Try it: Pull every line with "Piece" from the data below and copy it.

Short descriptive text snippets:
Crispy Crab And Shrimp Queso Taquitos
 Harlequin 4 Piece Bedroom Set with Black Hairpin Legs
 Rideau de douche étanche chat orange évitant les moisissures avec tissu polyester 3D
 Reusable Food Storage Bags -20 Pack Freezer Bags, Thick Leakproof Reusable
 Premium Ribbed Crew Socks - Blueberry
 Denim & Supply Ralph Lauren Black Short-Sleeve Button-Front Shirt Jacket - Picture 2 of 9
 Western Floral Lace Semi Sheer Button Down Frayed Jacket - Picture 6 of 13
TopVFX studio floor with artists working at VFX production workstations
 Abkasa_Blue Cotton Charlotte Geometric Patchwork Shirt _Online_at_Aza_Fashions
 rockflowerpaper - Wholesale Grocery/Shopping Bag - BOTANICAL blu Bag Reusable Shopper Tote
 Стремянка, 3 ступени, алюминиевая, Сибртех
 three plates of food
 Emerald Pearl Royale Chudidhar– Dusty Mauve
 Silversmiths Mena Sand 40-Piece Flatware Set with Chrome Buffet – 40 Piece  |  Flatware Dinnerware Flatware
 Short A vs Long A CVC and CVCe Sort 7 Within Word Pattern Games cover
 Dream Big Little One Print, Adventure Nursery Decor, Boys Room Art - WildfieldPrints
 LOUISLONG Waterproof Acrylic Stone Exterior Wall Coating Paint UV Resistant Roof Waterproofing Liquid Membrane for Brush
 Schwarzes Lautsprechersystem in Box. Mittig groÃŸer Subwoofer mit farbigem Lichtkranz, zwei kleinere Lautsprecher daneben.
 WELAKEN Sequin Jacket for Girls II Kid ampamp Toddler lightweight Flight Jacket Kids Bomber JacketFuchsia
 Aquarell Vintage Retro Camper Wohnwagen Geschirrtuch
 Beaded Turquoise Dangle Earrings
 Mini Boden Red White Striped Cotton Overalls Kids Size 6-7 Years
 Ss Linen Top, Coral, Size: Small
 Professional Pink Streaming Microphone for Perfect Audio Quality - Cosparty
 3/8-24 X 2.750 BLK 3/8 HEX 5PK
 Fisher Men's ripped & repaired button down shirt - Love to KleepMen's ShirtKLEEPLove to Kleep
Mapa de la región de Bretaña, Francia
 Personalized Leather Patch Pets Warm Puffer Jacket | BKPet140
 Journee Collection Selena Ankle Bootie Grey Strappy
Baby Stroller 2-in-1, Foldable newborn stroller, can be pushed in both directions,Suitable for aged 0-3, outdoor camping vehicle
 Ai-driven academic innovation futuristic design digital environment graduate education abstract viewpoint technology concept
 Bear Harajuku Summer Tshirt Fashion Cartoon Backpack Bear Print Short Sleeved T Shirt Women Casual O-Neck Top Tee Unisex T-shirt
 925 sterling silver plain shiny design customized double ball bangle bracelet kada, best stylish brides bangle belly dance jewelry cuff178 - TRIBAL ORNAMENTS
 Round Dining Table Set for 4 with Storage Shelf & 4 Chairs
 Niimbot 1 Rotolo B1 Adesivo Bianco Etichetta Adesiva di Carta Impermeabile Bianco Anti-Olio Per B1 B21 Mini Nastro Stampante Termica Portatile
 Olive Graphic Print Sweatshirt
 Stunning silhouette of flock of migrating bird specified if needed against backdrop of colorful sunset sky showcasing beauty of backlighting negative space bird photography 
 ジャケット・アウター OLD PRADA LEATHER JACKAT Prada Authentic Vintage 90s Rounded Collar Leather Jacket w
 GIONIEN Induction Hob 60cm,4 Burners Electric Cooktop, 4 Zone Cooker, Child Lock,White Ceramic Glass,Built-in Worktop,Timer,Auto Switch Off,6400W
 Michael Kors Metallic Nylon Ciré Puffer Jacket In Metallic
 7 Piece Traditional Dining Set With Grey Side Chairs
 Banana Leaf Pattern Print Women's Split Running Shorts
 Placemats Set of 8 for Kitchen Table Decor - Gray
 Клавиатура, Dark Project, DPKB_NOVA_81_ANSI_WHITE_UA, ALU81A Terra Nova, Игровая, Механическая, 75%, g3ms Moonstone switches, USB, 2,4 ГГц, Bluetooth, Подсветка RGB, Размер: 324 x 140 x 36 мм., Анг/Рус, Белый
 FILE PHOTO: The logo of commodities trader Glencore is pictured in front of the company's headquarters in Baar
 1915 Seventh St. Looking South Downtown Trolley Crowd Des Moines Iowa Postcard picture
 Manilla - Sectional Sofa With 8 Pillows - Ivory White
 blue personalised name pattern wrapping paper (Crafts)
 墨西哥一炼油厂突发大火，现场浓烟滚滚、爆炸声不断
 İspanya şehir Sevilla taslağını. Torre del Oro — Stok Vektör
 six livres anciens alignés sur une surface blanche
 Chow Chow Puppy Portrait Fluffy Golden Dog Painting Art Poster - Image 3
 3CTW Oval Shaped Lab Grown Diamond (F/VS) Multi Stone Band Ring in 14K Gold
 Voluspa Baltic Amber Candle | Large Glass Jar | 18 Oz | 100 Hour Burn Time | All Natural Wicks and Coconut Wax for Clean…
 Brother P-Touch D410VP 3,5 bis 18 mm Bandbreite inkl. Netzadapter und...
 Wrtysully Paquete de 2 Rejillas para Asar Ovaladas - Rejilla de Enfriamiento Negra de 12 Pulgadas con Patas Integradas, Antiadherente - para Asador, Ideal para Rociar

Response to this exercise:
 Harlequin 4 Piece Bedroom Set with Black Hairpin Legs
 Silversmiths Mena Sand 40-Piece Flatware Set with Chrome Buffet – 40 Piece  |  Flatware Dinnerware Flatware
 7 Piece Traditional Dining Set With Grey Side Chairs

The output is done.